Word for word, restate the lines of the listing below from the line with "BOSS - Męskie" through the line with "Lead Free Solder", and do not include the pictures.

* [GIVEN RECORDS]
* * * *

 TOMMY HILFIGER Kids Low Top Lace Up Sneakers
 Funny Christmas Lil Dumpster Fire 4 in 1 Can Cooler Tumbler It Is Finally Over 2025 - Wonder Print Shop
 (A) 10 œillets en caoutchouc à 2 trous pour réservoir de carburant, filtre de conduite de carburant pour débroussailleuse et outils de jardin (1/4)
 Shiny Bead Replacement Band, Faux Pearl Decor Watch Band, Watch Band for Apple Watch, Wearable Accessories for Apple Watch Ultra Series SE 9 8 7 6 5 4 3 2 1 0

* * * *

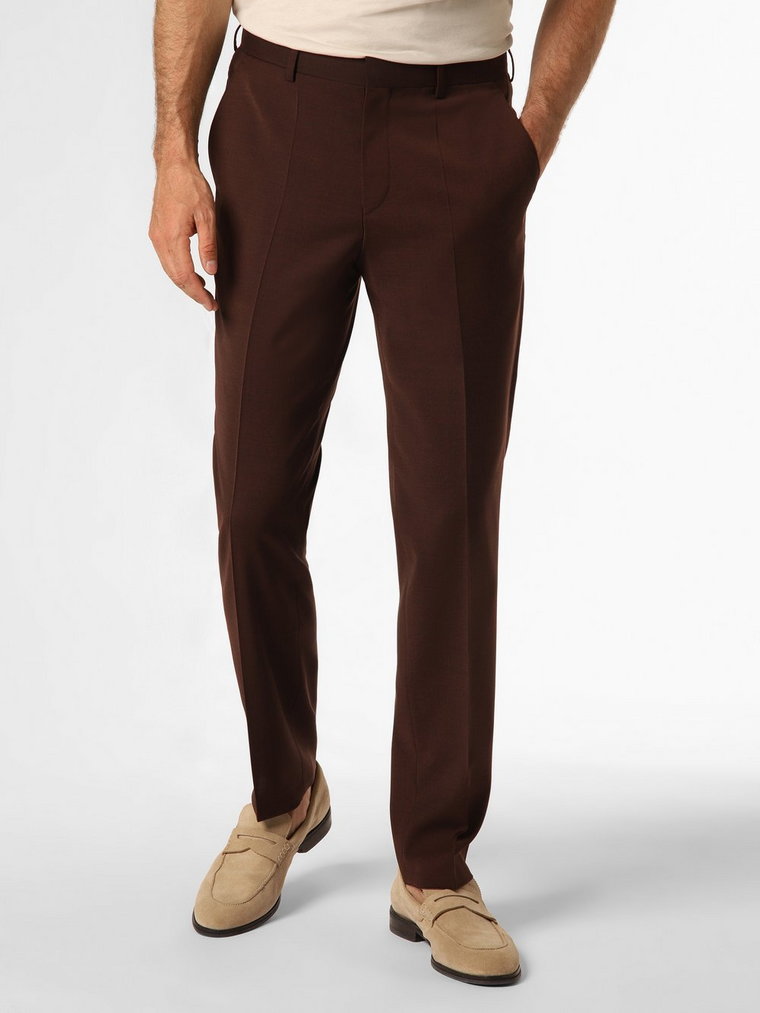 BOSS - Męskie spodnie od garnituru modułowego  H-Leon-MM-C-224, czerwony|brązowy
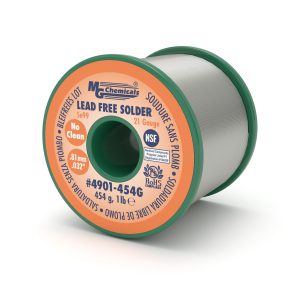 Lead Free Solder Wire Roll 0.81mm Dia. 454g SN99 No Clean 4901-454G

* * * *

* [RESPONSE]
 BOSS - Męskie spodnie od garnituru modułowego  H-Leon-MM-C-224, czerwony|brązowy
 Lead Free Solder Wire Roll 0.81mm Dia. 454g SN99 No Clean 4901-454G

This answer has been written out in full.